Skylark #1 |
Book blurb via Goodreads:
"Sixteen-year-old Lark Ainsley has never seen the sky.
Her world ends at the edge of the vast domed barrier of energy enclosing all that’s left of humanity. For two hundred years the city has sustained this barrier by harvesting its children's innate magical energy when they reach adolescence. When it’s Lark’s turn to be harvested, she finds herself trapped in a nightmarish web of experiments and learns she is something out of legend itself: a Renewable, able to regenerate her own power after it’s been stripped.
Forced to flee the only home she knows to avoid life as a human battery, Lark must fight her way through the terrible wilderness beyond the edge of the world. With the city’s clockwork creations close on her heels and a strange wild boy stalking her in the countryside, she must move quickly if she is to have any hope of survival. She’s heard the stories that somewhere to the west are others like her, hidden in secret—but can she stay alive long enough to find them?"

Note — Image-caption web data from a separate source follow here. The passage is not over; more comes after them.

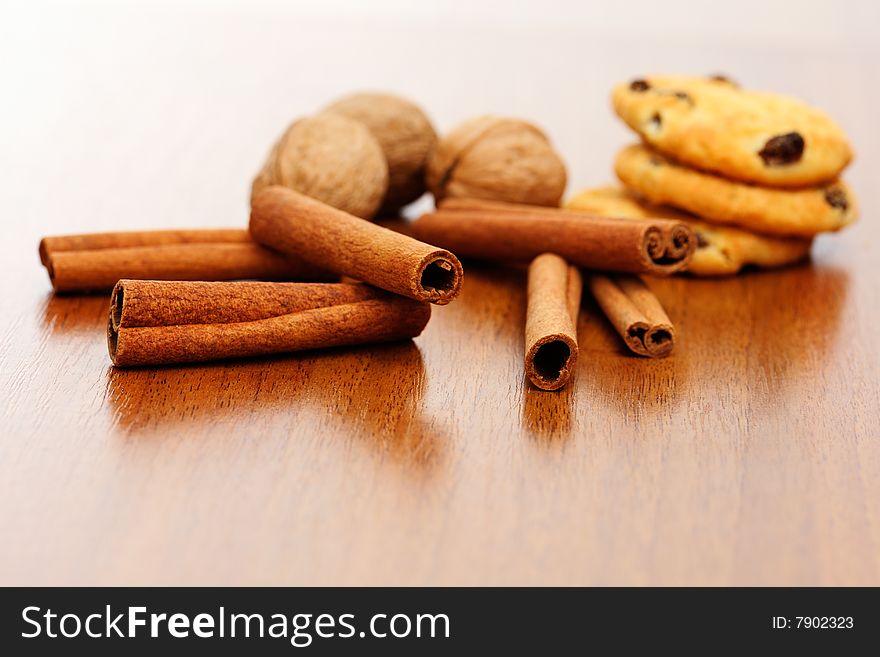 Cinnamon, circassian walnut and cookies on the table background. Cinnamon, circassian walnut and cookies on the table background.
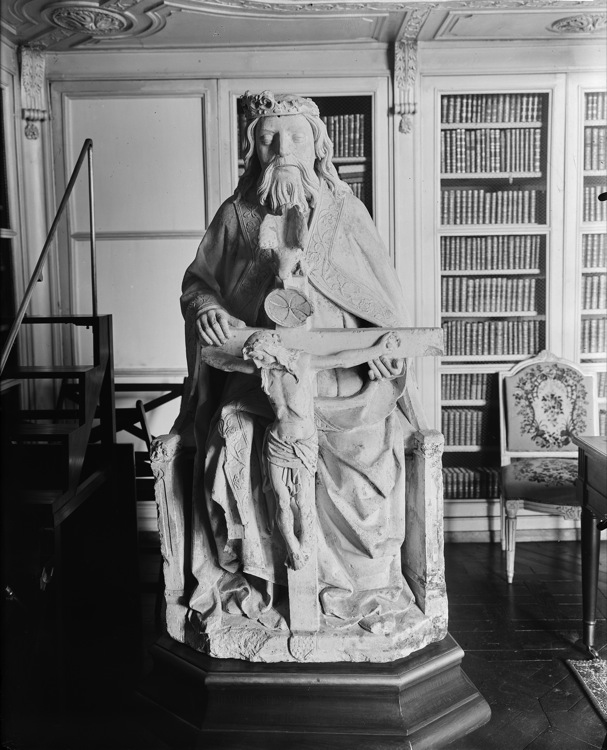 Statue : roi assis sur un trône présentant le Christ crucifié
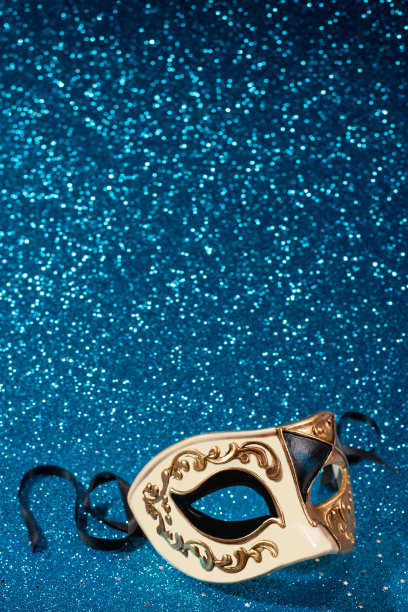 威尼斯狂欢节面具与蓝色闪光的背景图片下载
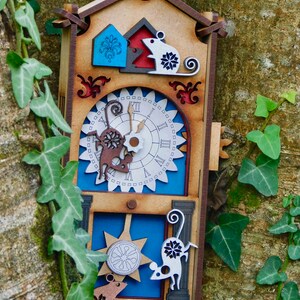 May include: A decorative wooden cuckoo clock with a mouse theme. The clock has a light brown frame with blue, red, and white details. The clock is hanging on a tree trunk with green ivy. The clock's measurements are in centimeters.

I want to give this book a high rating, but I do know that there were a few flaws with this story, and at the same time, I don't really care. The story was unique but not at the same time. It had many of the same plot devices that many YA dystopian books have, but the way they were presented felt new.
There is a test at the start that brings to light that there is something different about the MC, the thing that makes her unique also puts her life in danger. There's an escape, a mysterious boy that helps her. A secret city, and a mysterious war that caused everything to become the way it is in the book.
For the most part, I didn't feel like I was reading a carbon copy of any other book regardless of the similarities it shares with the genre. But I really do hate when the genre uses a vague and undisclosed war to try and "explain" why people live in walled cities and need to be harvested. It's a McGuffin and doesn't need to be vague. I probably wouldn't dislike the idea of a war, if it was actually explained.
Lark is a.....I'm not really sure how to feel about her. She is just pretty average. And fairly useless without help of some kind. The supporting characters were mostly there just to fill outcast rolls of the genre. The character that I liked and was interested in learning more about was Oren. He was an interesting character, and I hope to see him in the other books.
From this review, you might gather that I didn't really like it, but I did. I read it really fast, the writing flowed nicely, and it had just enough mystery that I wasn't able to predict what was going to happen next, most of the time.